Task instructions.
Please reproduce exactly, and only, the line containing "Smarty Had A" and every line after it to the end of the records below, leaving out all pictures.

Material to process.

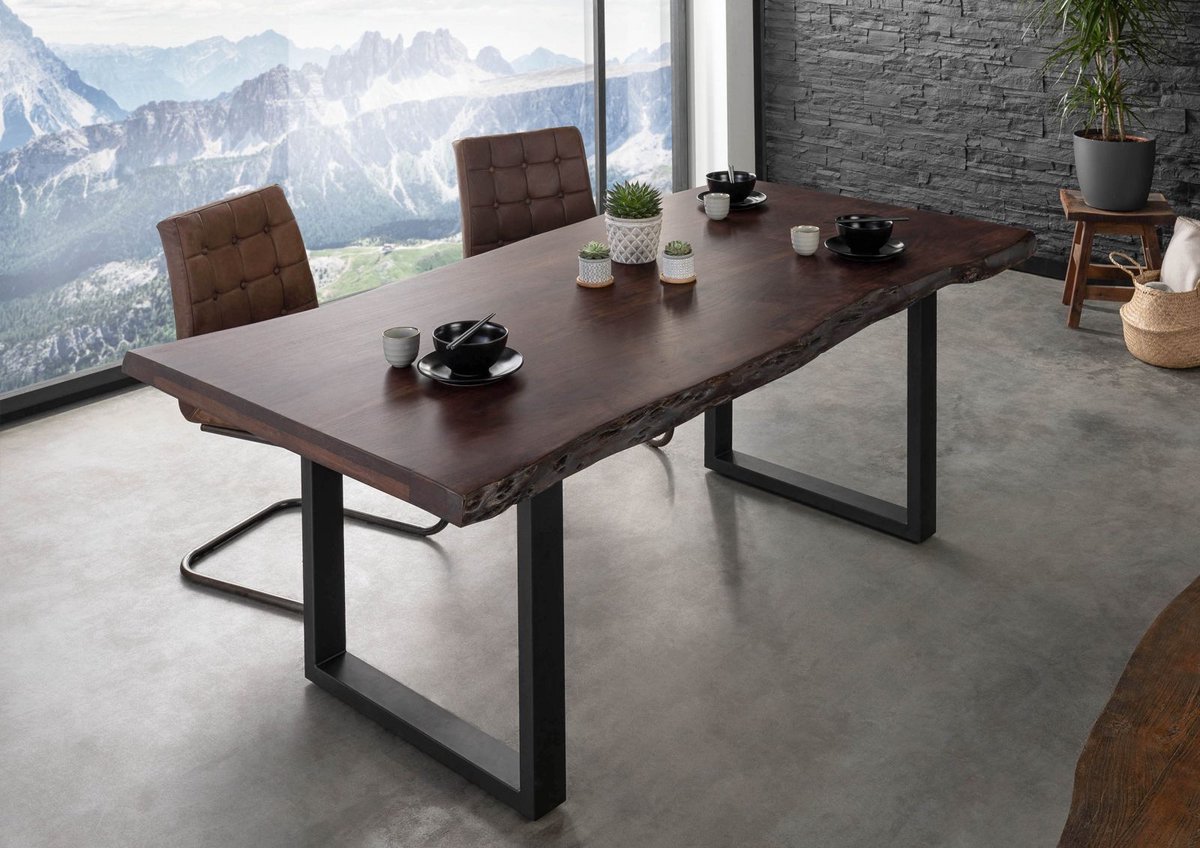 MASSIVMOEBEL24 .DE FREEFORM eettafel bruin gelakt massief hout acacia 220x100x77 cm (BxTxH)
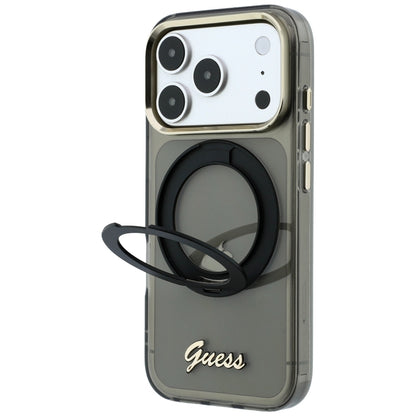 MagSafe Case for Apple iPhone 18 Pro / 17 Pro, Guess, Ring Stand Script Metal Logo, Black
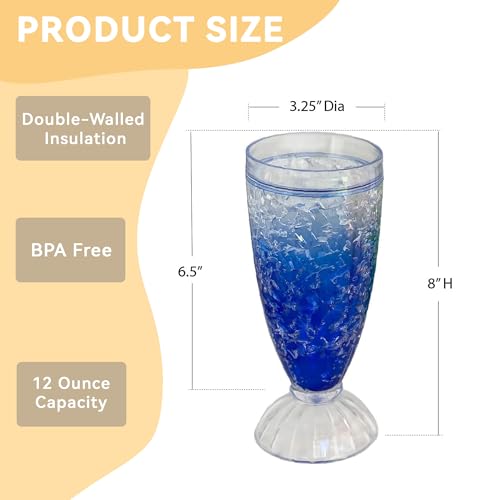 Image of Lily's Home Frosted Freezer Milkshake Glasses, 12 oz Set of 4 - Double Wall Insulated Acrylic with Liquid Gel for Root Beer Floats, Smoothies & Ice Cream Sodas, Home Bar, Kitchen, Party & Dessert Shop
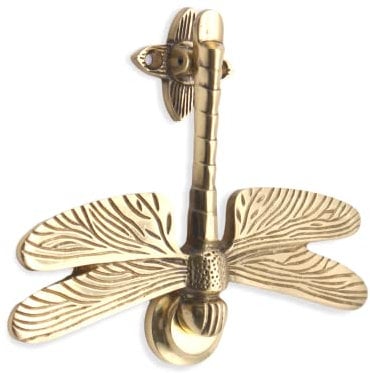 Infinity Decor Türklopfer aus massivem Messing, Libellenform, poliertes Messing-Finish, Vintage-Stil, für Eingangstür, Möbel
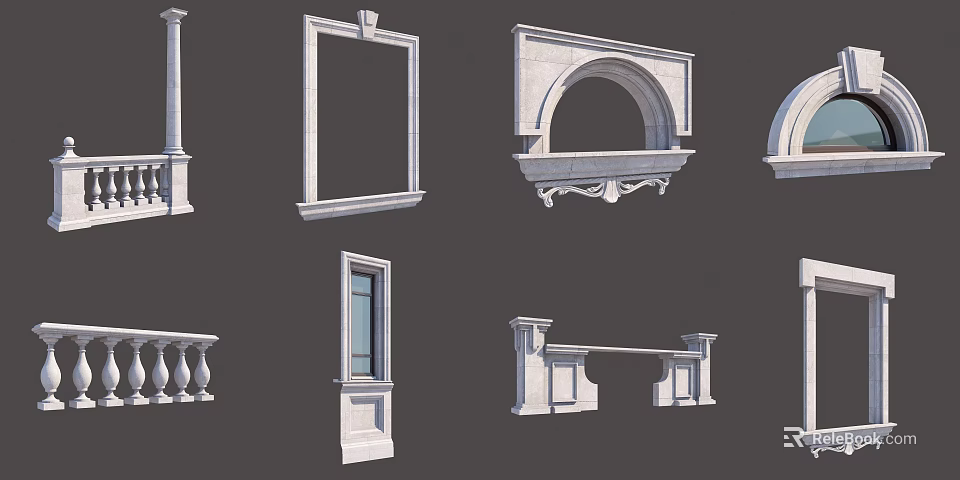 Classical White Stone Architectural Components Including Window Frames Arched Openings Balustrades And Pillars 3d model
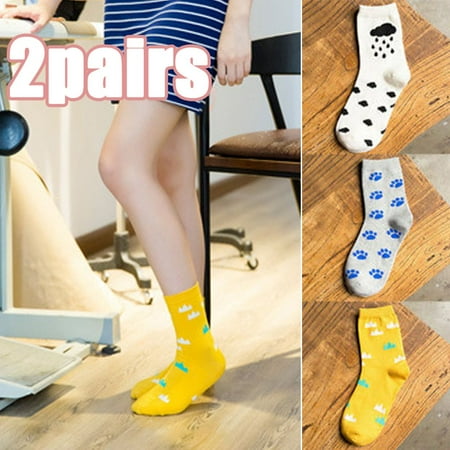 

SPRING PARK 2Pairs Women Cartoon Egg Cloud Dog Paw Print Low Cut Socks No Show Socks Funny Casual Animal Cotton Crew Socks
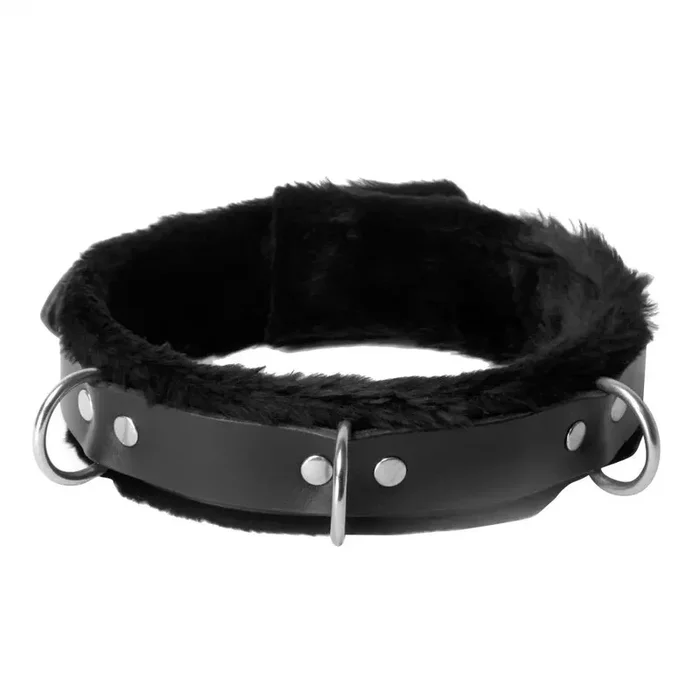 Strict Leather BDSM Collar Narrow Fur Lined Locking Bondage Collar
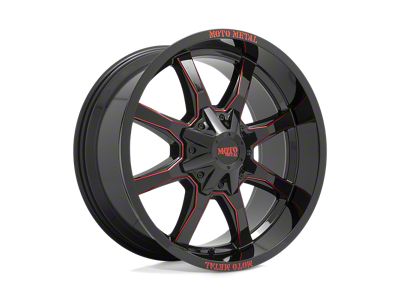 Moto Metal MO970 Gloss Black Milled with Red Tint and Moto Metal On Lip Wheel; 20x9; 0mm Offset (76-86 Jeep CJ7)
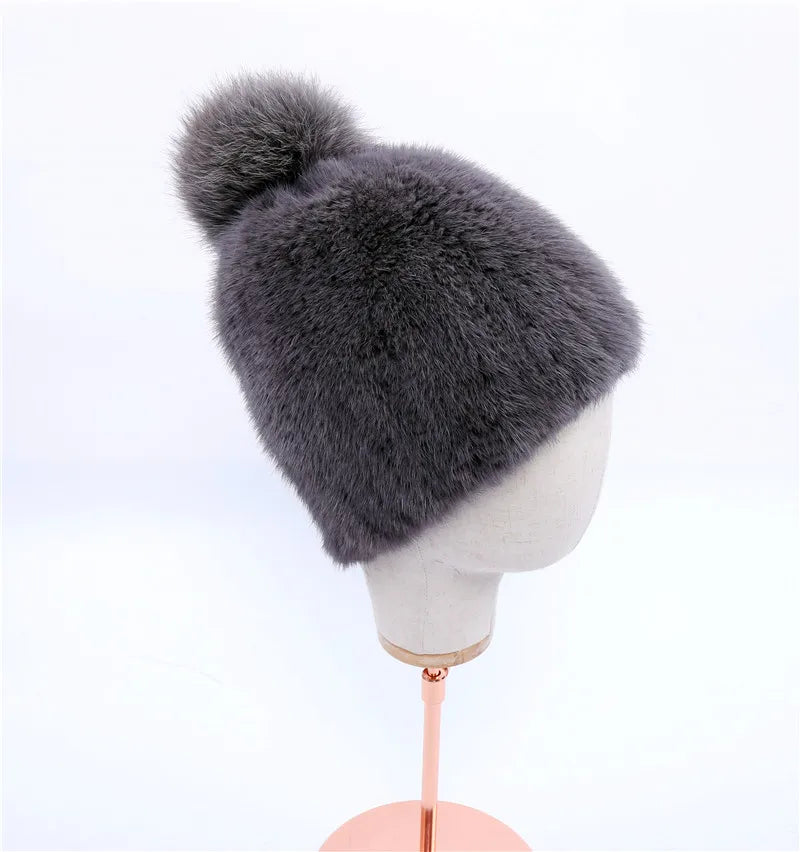 100% real mink fur hat women winter knitted mink fur beanies cap with fox fur pom poms 2017 brand new thick female cap Elastic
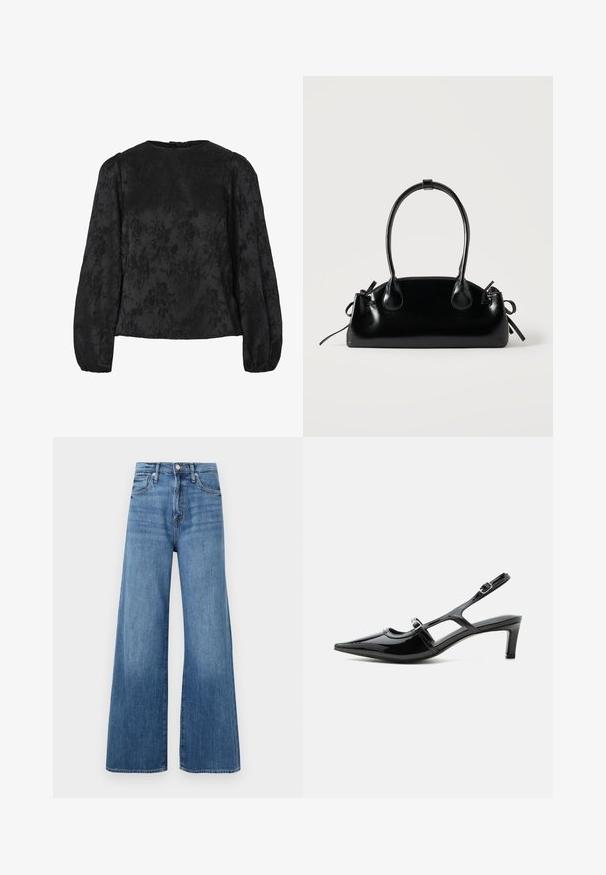 Schwarze Bluse mit langen, puffierten Ärmeln, die ein strukturiertes Blumenmuster aufweist. Rundhalsausschnitt mit einer Knopfverschluss hinten.; Blaue hochtaillierte weit geschnittene Jeans mit Knopf- und Reißverschluss, Fronttaschen und dezenten Ausbleichungen im Stoff.; Schwarzer Slingback-Schuh aus Lackleder mit spitzer Kappe, niedrigem Absatz und zwei verstellbaren Schnallenriemen, seitlich dargestellt.; Kleine schwarze glänzende Handtasche mit zwei langen Griffen und seitlichen Kordelzug-Details vor einfachem hellem Hintergrund.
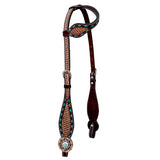 Bar H Equine Western Leather Horse Tack Set Basket Weave Carved Brown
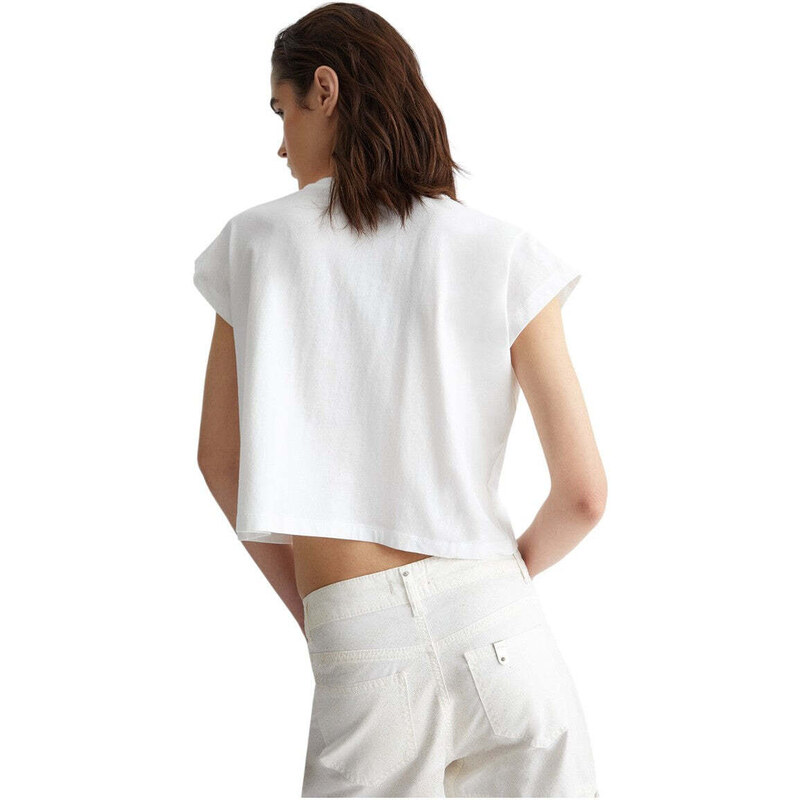 Liu-Jo Elegante T-shirt con Ricami Gioiello in Cotone Stretch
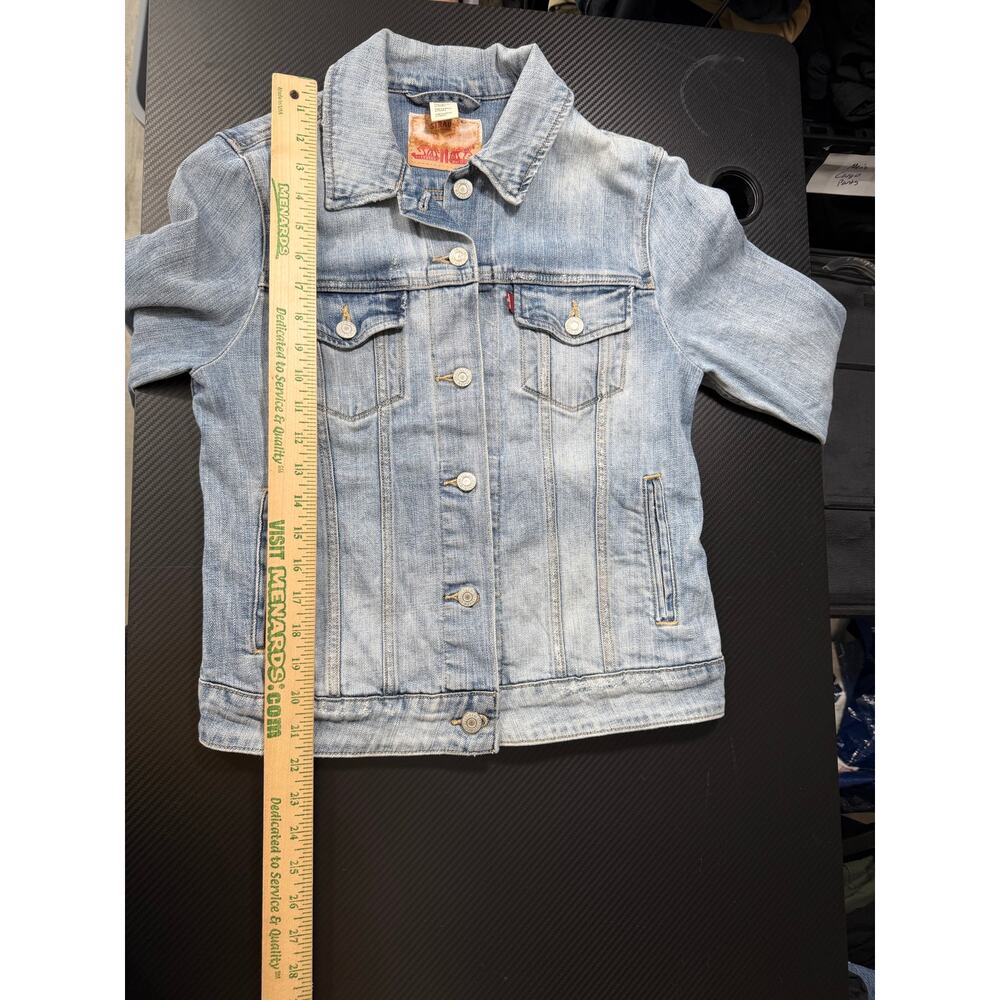 Levi’s Denim Trucker Jacket Womens Medium Button Front Capsule Classic - Picture 6 of 10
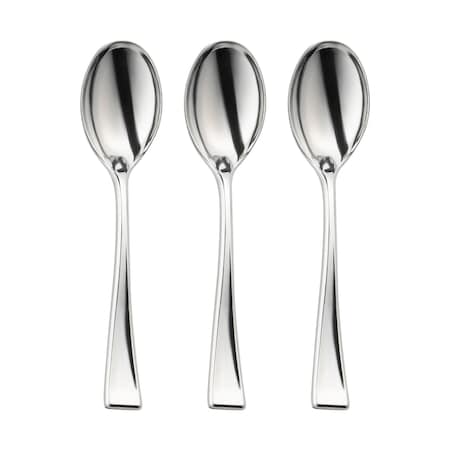 Smarty Had A Party Shiny Metallic Silver Mini Plastic Disposable Tasting Spoons (960 Spoons), 960PK 790-SV-CASE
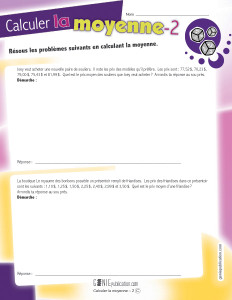 Calculer la moyenne – 2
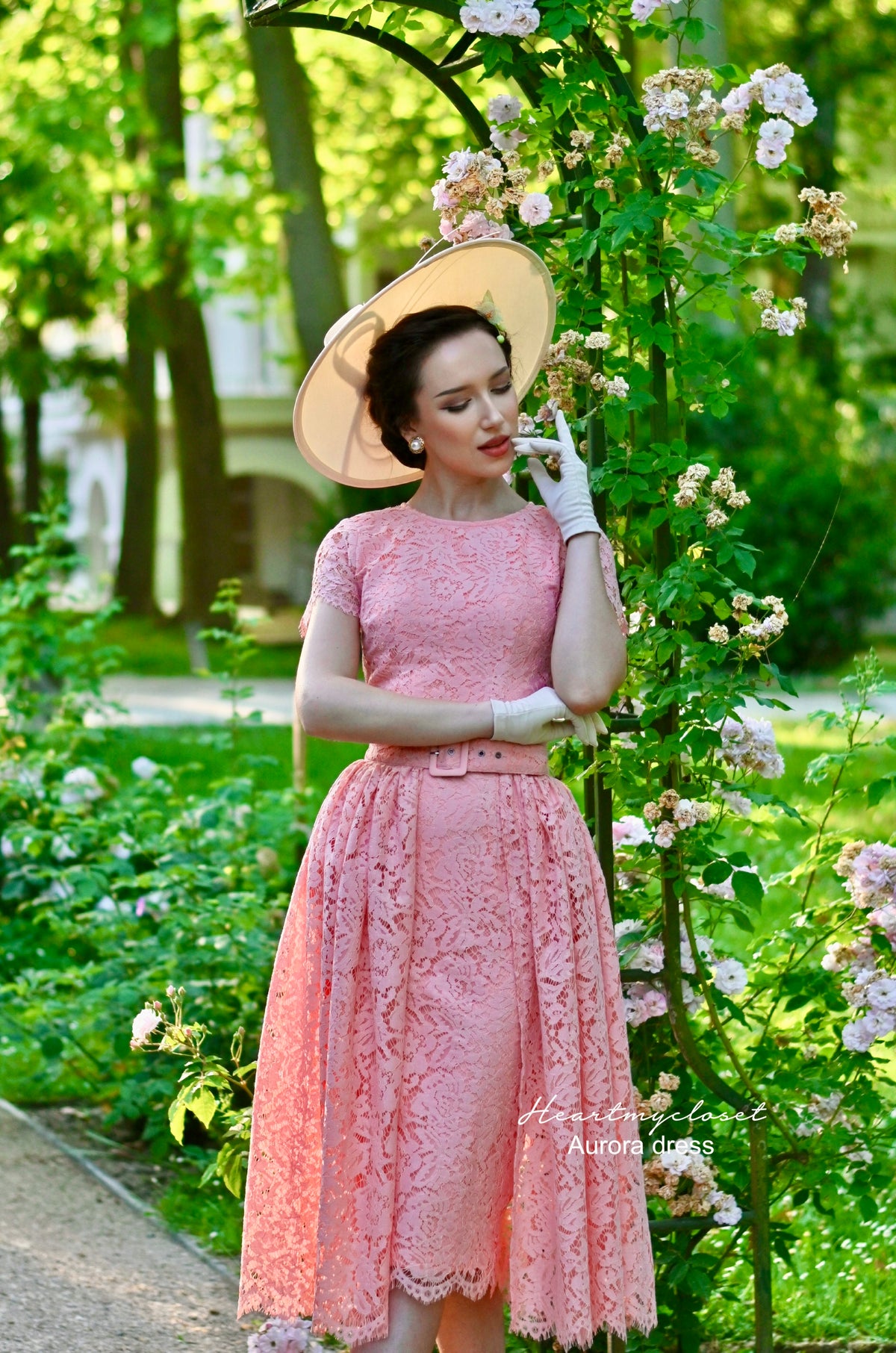 Pink Lace Aurora pencil dress with removable skirt wrap - heartmycloset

Output for this exercise.
 Smarty Had A Party Shiny Metallic Silver Mini Plastic Disposable Tasting Spoons (960 Spoons), 960PK 790-SV-CASE
 Calculer la moyenne – 2
 Pink Lace Aurora pencil dress with removable skirt wrap - heartmycloset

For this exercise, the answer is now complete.